Here is one example:
Let \(s_n = (-1)^n\). Then \((s_n)\) diverges, but what of \(\sigma_n\)? For even \(n\) we can see that \(\sigma_n = 0\) and odd \(n\) we have that \(\sigma_n = -\frac 1n\). This means that \(\limsup \sigma_n = \lim 0 = 0\) and \(\liminf \sigma_n = \lim \left(-\frac 1n\right) = 0\) and we conclude that \(\lim \sigma_n = 0\).
(14.1–4) For each of the following, determine whether the given series converges and justify your answer.
Converges by the ratio test. We have the ratios \(\frac{(n+1)^3}{3^{n+1}}\frac{3^n}{n^3} = \frac{(n+1)^3}{3n^3}\), whose \(n \to \infty\) limit is \(1/3 < 1\).
Converges by comparison, as \(\frac{1}{2^n + n} < \frac{1}{2^n}\) whose corresponding series is a convergent geometric series.
Converges by the ratio test. We have the ratios
\[\frac{(n+1)!}{(n+1)^{n+1}}\frac{n^n}{n!} = \frac{(n+1)n^n}{(n+1)^{n+1}} = \left(\frac{n}{n+1}\right)^n\]whose \(n \to \infty\) limit is \(1/e < 1\).
(14.8) Show that if \(\sum a_n\) and \(\sum b_n\) are convergent series of nonnegative numbers, then \(\sum \sqrt{a_n b_n}\) converges. Hint: Show \(\sqrt{a_n b_n} \le a_n + b_n\) for all \(n\).
Proof.
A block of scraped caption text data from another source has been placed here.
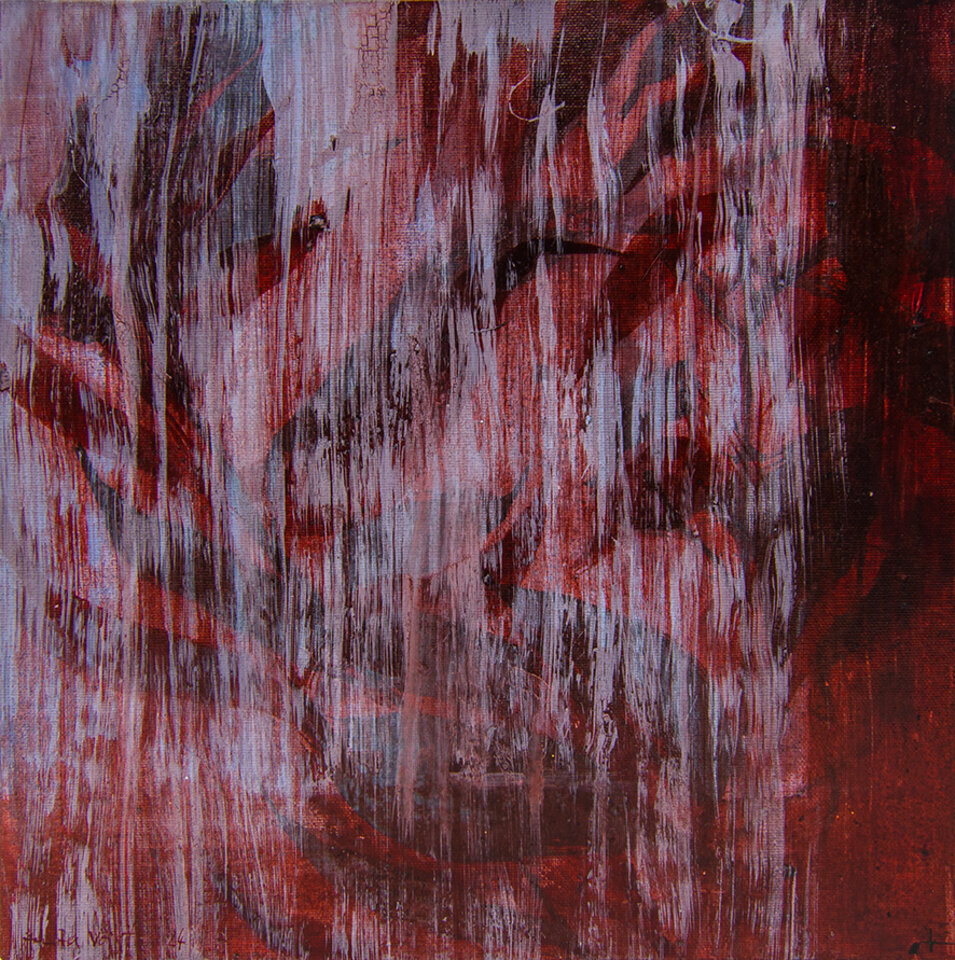 behind the curtain II, Mischtechnik LW / Holz, Anita Voigt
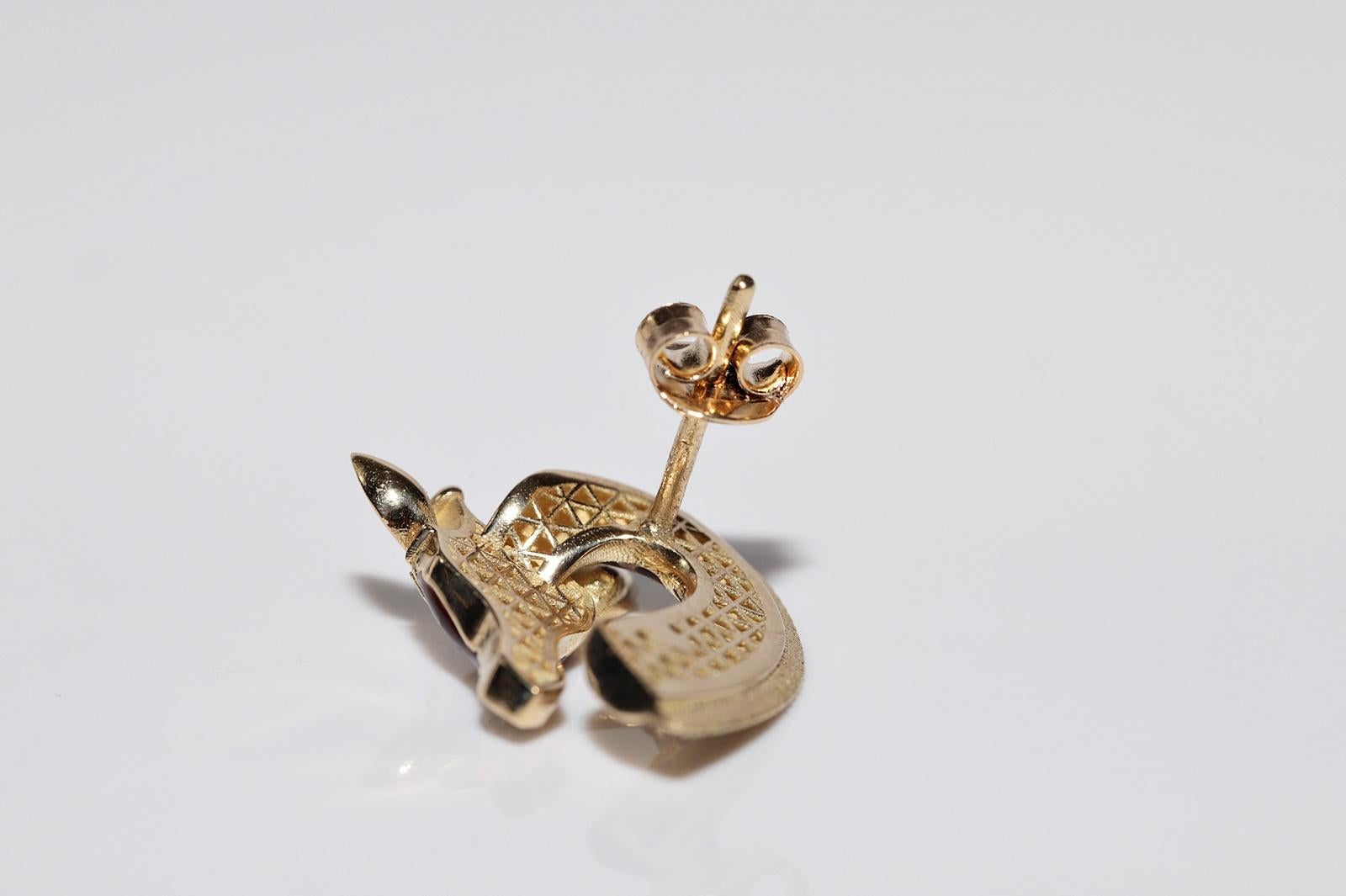 New Made Boucle d'oreille Girafe en or 18k, diamant naturel et rubis émaillé en vente 4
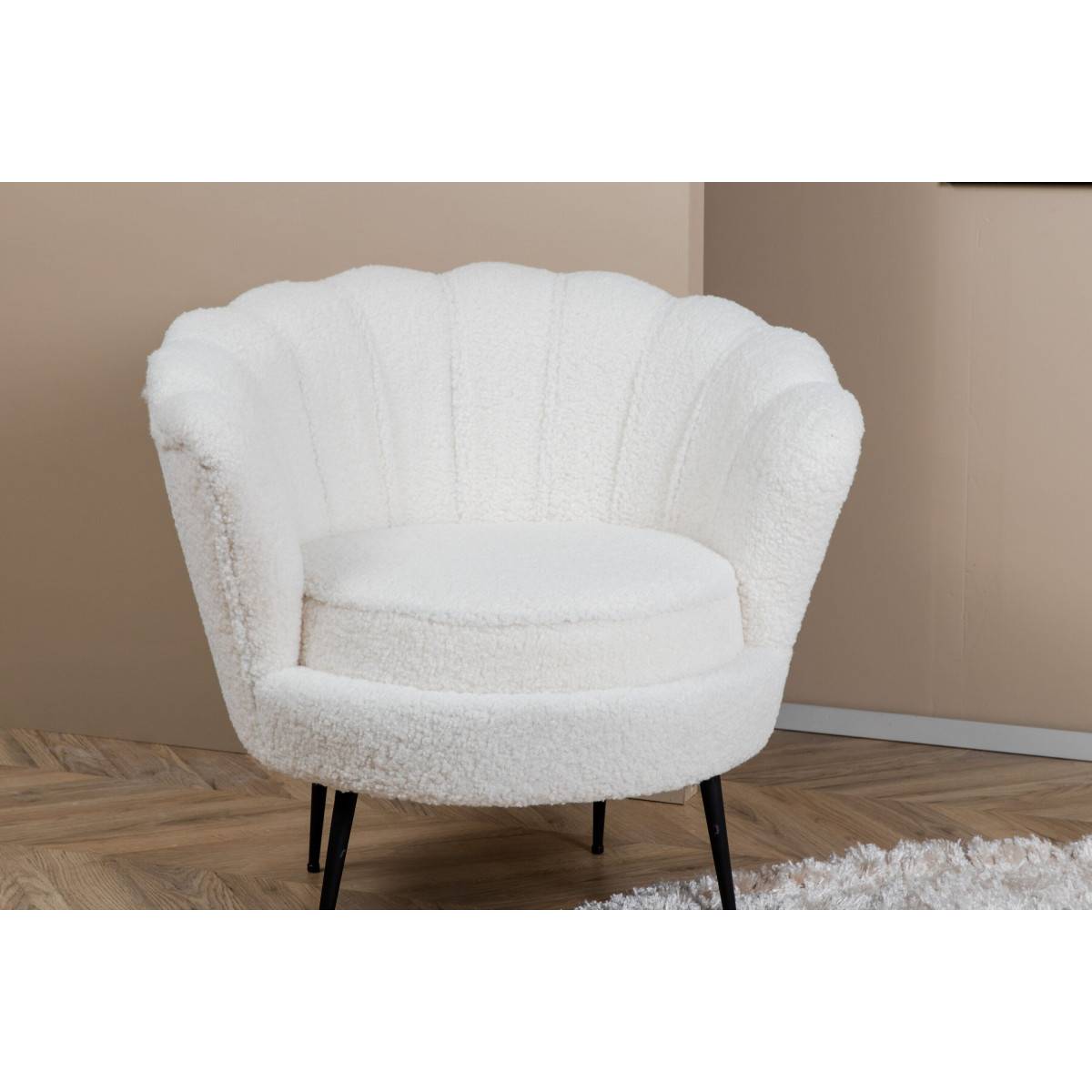 Paris Prix - Fauteuil Coquillage Bouclette "Calais" 83cm Blanc - Image 10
We claim that \(\sqrt{a_n b_n} < a_n + b_n\), from which convergence of the series follows from the comparison test.
Observe that as both \(a_n\) and \(b_n\) are nonnegative,
\[\begin{align} a_n^2 + a_nb_n + b_n^2 &\ge 0 \\ a_n^2 + 2a_nb_n + b_n^2 &\ge a_nb_n \\ (a_n + b_n)^2 &\ge a_nb_n \\ a_n + b_n &\ge \sqrt{a_nb_n}, \end{align}\]proving the claim. \(\Box\)